A DUI arrest can be a traumatic experience. But even after the arrest, you are left to agonize over whether you will end up doing time in the Orange County jail when your case is resolved. Whether you do end up serving jail time or not will depend on many factors. These factors include: any prior DUI convictions; any aggravating factors such as excessive speed, a very high blood-alcohol level, a child in the car, an accident, hit and run, resisting the police.

DUI Punishment In Orange County

A first-offense DUI with no prior DUI convictions is punishable by up to six months in the Orange County jail. However, if there are none of the aggravating factors listed above, the DA or the judge will likely offer you or your DUI lawyer a “no jail” deal. However, if there are one or more of the aggravating factors above, you may face mandatory jail time.

Moreover, if you have a prior DUI conviction within the past ten years, you also face mandatory jail time. A second offense DUI is punishable by up to one year in the Orange County jail. In Orange County, the typical offer for a second-offense DUI without any aggravating factors is 60-days in the Orange County jail. Some aggravating factors, such as a “speed enhancement”, require additional mandatory jail time. (60-days additional for speed enhancement)

A third-offense within ten years, with no aggravating factors, typically draws eight to ten months of jail time in Orange County. A fourth-offense is almost always charged as a felony and is punishable by up to three years in the state prison.

Possible defenses

The first thing your DUI attorney will do is evaluate your case for a possible defense. Some defenses include:

  1. Rising Defense

When you consume alcohol, your blood alcohol constantly changes as the alcohol moves from your stomach to your blood, and then eliminated. So, for example, if a driver has two shots of alcohol just before leaving the bar, and is pulled over right after leaving the bar, most of the alcohol is still in that driver’s stomach, and not in the blood. So if that driver takes a breath test 30-minutes after driving, that test will only tell us what the driver’s blood-alcohol content is 30 minutes after driving. Of course, by then, the alcohol has moved from the driver’s stomach to their blood. So, if the driver blows a 0.09% 30 minutes after driving, it is likely that their blood-alcohol level was well below that at the time of driving. This is called the rising defense because the blood-alcohol level was rising during the arrest procedure.

2. No drive

The DA must prove that you were driving the car. In some cases, the police arrive long after the driving occurred and the police never witnessed any driving. If the DA doesn’t have enough evidence to prove driving, this can be fatal to the DA’s case.

3. Improper Breath Testing

The law requires a police officer to observer someone for 15 minutes before they take a breath test to ensure that the person does not burp. A burp can bring alcohol form the stomach to the mouth and produce a false high reading on the breath test.
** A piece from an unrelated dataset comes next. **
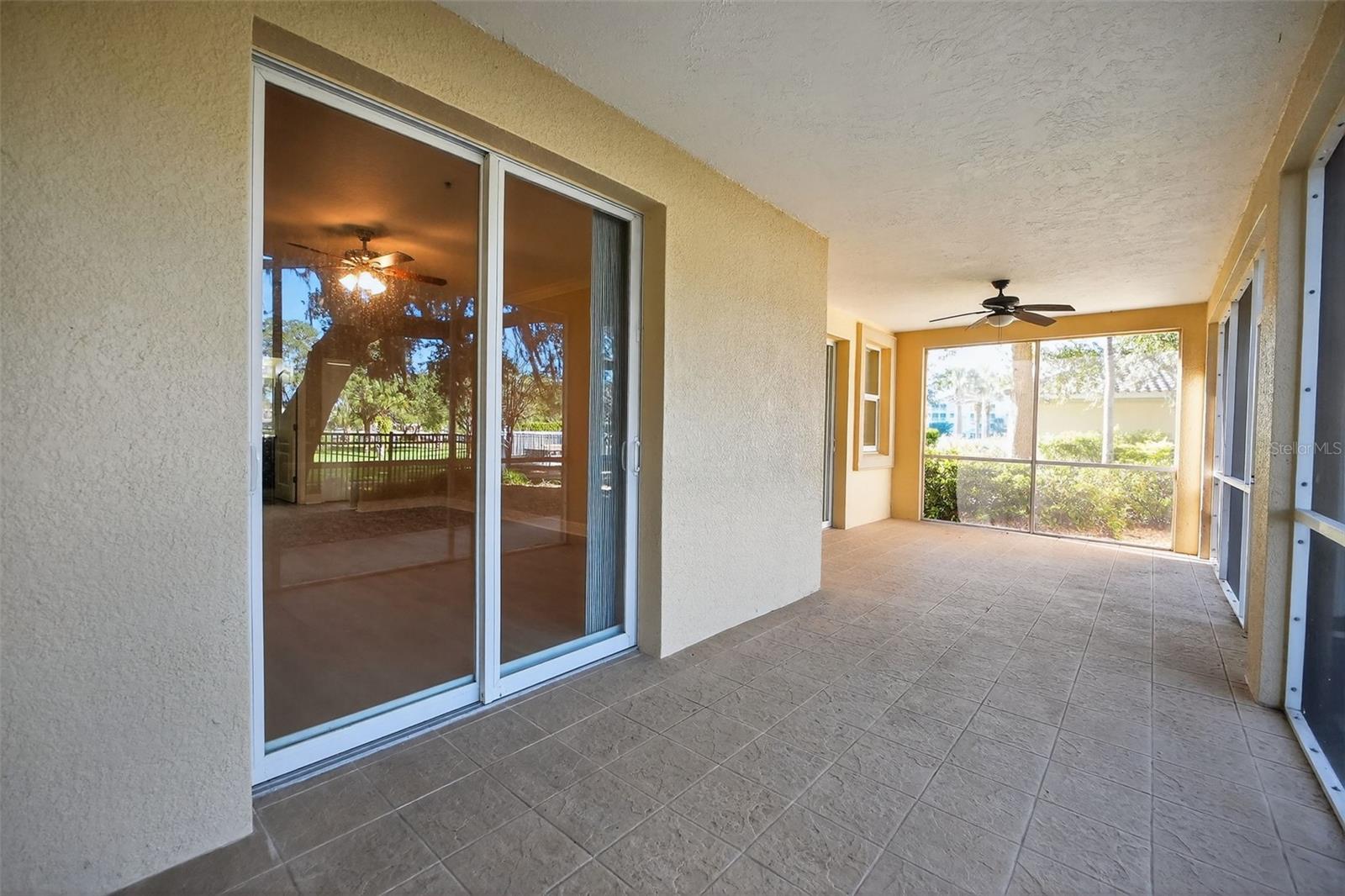 Image 30 of 54 For 115 Riverview Bend S 2112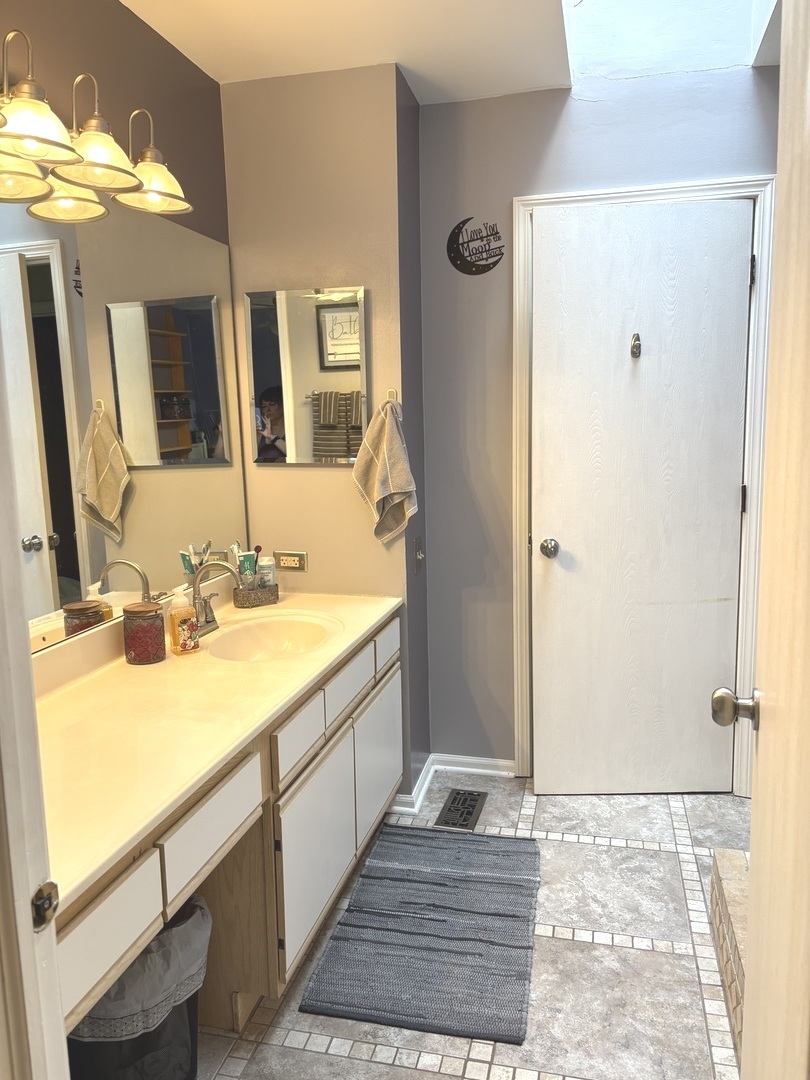 2038 College Green Drive Elgin, IL 60123 - Photo 15 of 21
Many police officers simply ignore this 15-minute observation period. A skilled DUI lawyer will review the video in the case to see if the officer actually performed this observation period.

Alternatives To Jail

If it looks like “jail time” is unavoidable in your case, an experienced DUI attorney will be familiar with what alternatives to jail are available. This is why it is so important to find a DUI lawyer who works every day with the judge who is handling your DUI case. Depending on the case, some alternatives include

  1. Home Confinement

This is, by far, the best alternative to jail time. If your DUI lawyer can get you this, you will wear a GPS bracelet and, for the term of your “jail sentence” be confined to your home. Moreover, you can also go to work and to the mandatory DUI alcohol program while serving home confinement. This is sometimes available for a second-offense DUI and almost never available for a third-offense DUI.

2. Private Jail

Some judges will allow a defendant to serve their jail sentence in a private jail rather than the Orange County jail The difference is huge. In a private jail, you never fear for your personal safety, as you are jailed with non-violent offenders who can afford three grand a month for a private jail. Moreover, you are allowed to leave jail for 12-hours a day to go to work.

3. Caltrans/Physical Labor

In some cases, the court will allow you to serve your time by picking up trash on the side of the road. This can often be done on the weekends so as not to interfere with your work.

4. Residential Alcohol Treatment Program

Again, depending on the judge, your DUI attorney may be able to secure a deal where you serve your time in a residential alcohol treatment facility instead of a jail cell. This option also allows you to continue working.

5. DUI Court Program

This a a year-and-a-half long program where you receive treatment through the Orange County Health Department and are constantly monitored and tested by Probation. It is a program designed for those with a serious addiction and is extremely intensive. If you successfully complete it, all jail time is vacated.